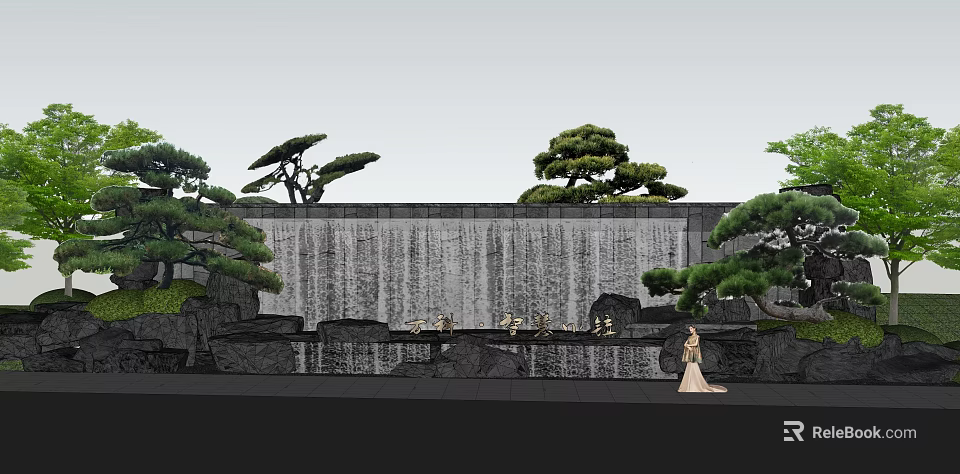 Natural Waterfall Scenic Wall Design With Pine Trees And Rocks 3d model 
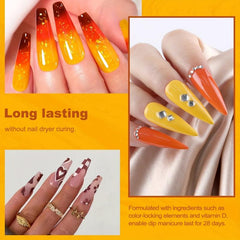 0.5oz X 6 Colors Dipping Powder Set Yellow Orange Red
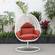 White Wicker Hanging Egg Swing Chair - Cherry by LeisureMod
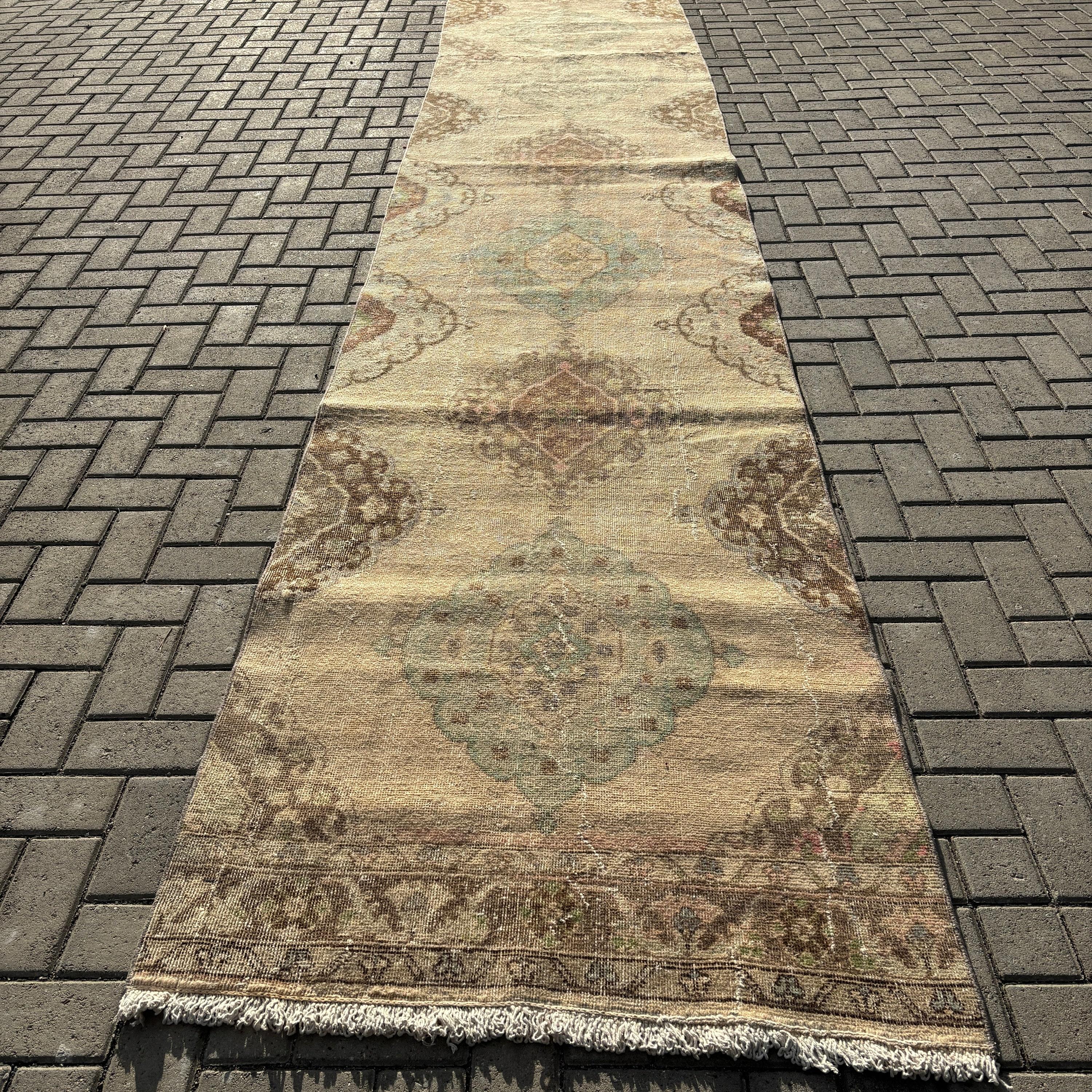 Beige Floor Rug, Oriental Rugs, Beni Ourain Runner Rug, 3.3x24.3 ft Runner Rug, Corridor Rug, Vintage Rug, Turkish Rugs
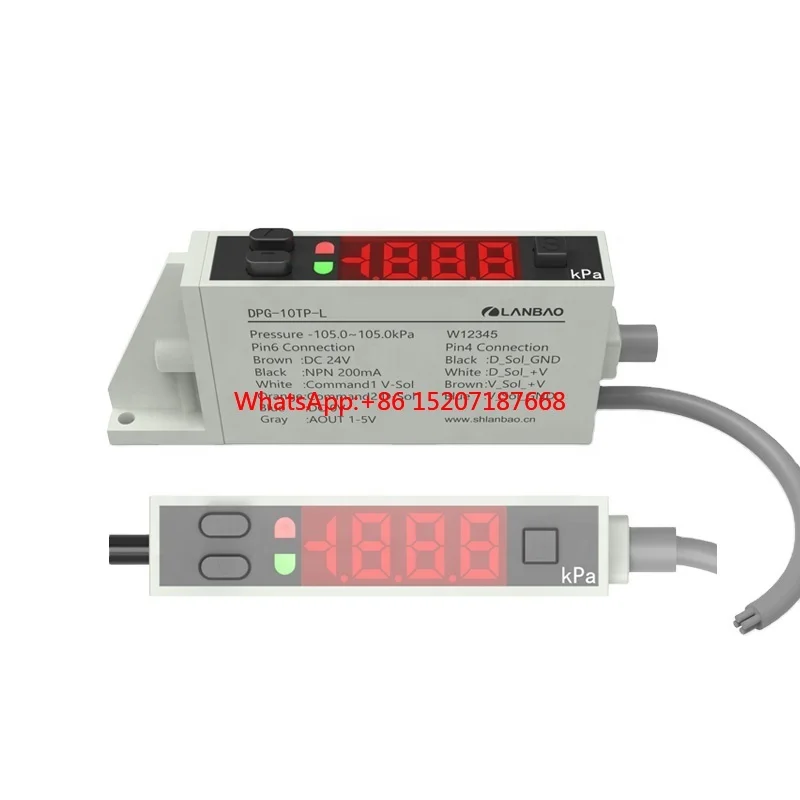 LANBAO  IP40 10-30VDC  500kpa PNP Vernier Gas Pressure Sensor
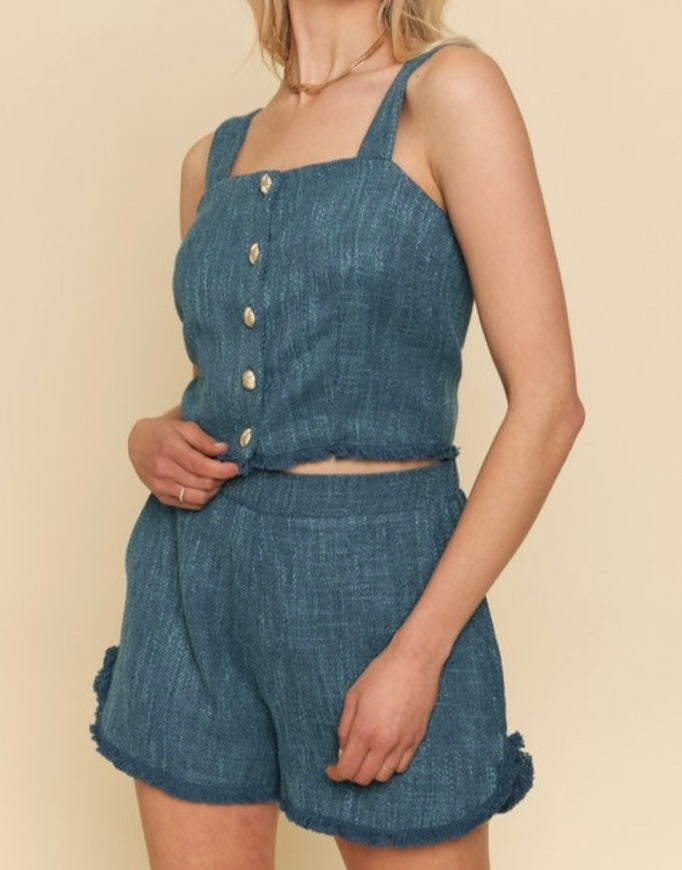 Denim Textured Two-Piece Set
-------
[Exercise] From the line containing "Beige Floor Rug, Oriental" to the final line of the entries, both included, transcribe every line exactly, omit the pictures, and add nothing more.

[Solved problem]
 Beige Floor Rug, Oriental Rugs, Beni Ourain Runner Rug, 3.3x24.3 ft Runner Rug, Corridor Rug, Vintage Rug, Turkish Rugs
 LANBAO  IP40 10-30VDC  500kpa PNP Vernier Gas Pressure Sensor
 Denim Textured Two-Piece Set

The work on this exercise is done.